GitHub Code Scanning renders this as an inline annotation on the PR diff. Reviewers see “WCAG 1.1.1 Non-text Content” right next to the offending JSX line.

This is the killer feature. The runtime audit gives you a grade; the static audit gives you a clickable, fixable, in-PR annotation.

Performance / cost

Static analysis is way cheaper than Puppeteer. Estimate per audit:

Download + extract tar: ~1s for a typical app
ESLint over 200 JSX files: ~5–10s (depending on rule count)
html-validate over 20 HTML files: ~2s
Tailwind contrast check (single pass, ~3000 elements): ~3s

Total: ~15s for a medium app, vs. 60–120s for a multipage runtime audit.

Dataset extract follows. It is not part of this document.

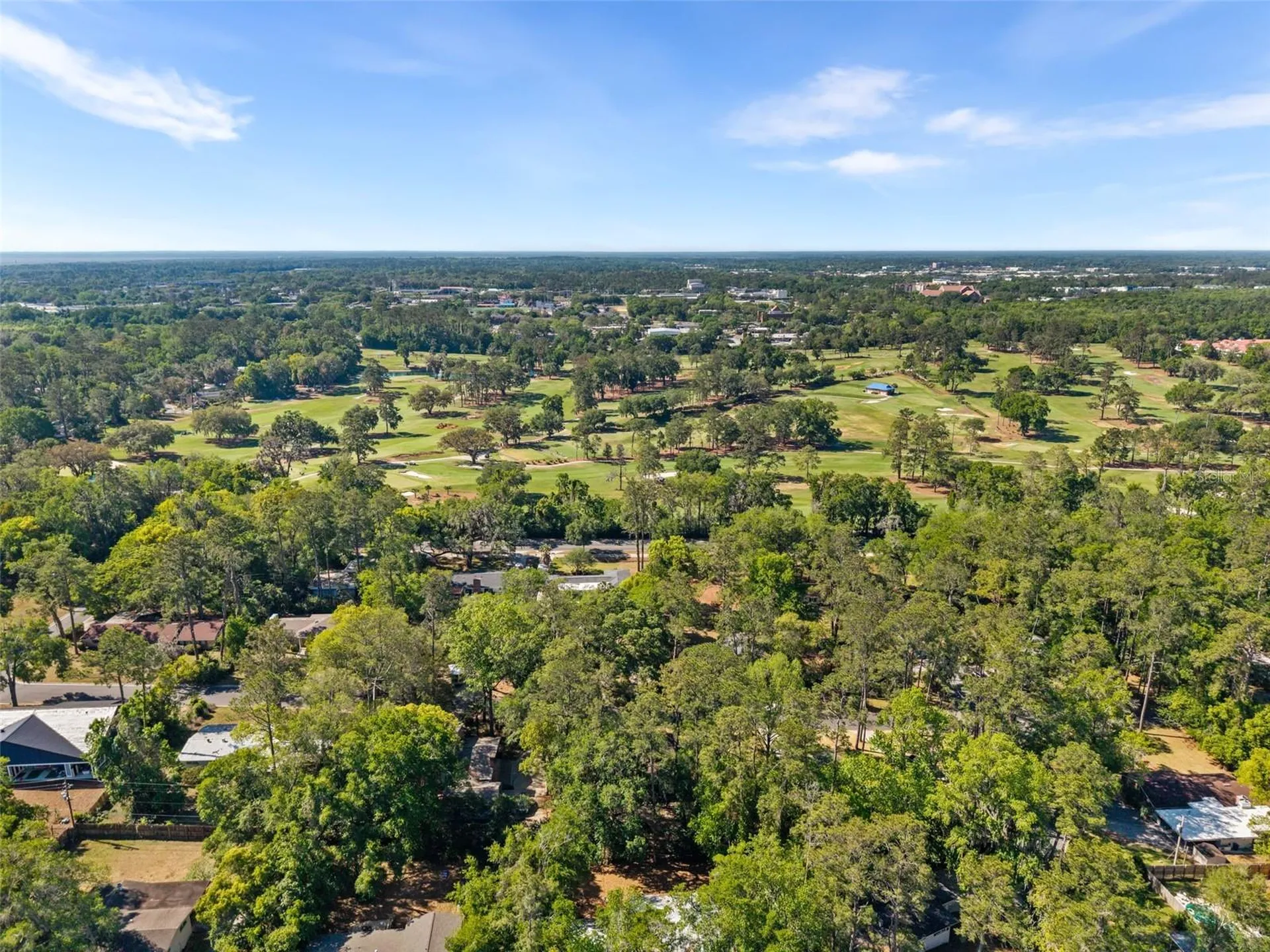 2910 SW 1st Avenue Gainesville FL 32607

Credit cost: 1 credit, same as URL mode. Reasonable — it’s a finished, reportable audit just like any other.

Testing strategy

Fixture-driven: a __fixtures__/ directory with hand-crafted JSX/HTML/Tailwind snippets exercising each rule. One file per WCAG criterion we claim to cover. Run analyzers against fixtures, assert findings.
Snapshot tests for the SARIF output shape so we don’t break the GitHub Code Scanning UI contract.
Integration: feed a real customer-shaped apps/web (or a synthetic one) through the full pipeline end-to-end. Assert the grade + a known set of findings.
Contrast checker gets its own unit-test file because the algorithm is non-trivial: at minimum cover the WCAG 2.x luminance formula, light/dark mode pair detection, CSS variable resolution, and the inheritance walk.

Rollout plan

Phase 1 (v1): ship behind a feature flag. CLI accepts type: source but the server returns 501 unless enable_source_audits is set on the org. Internal dogfooding on apps/web for 1–2 weeks. Then flip on for all customers.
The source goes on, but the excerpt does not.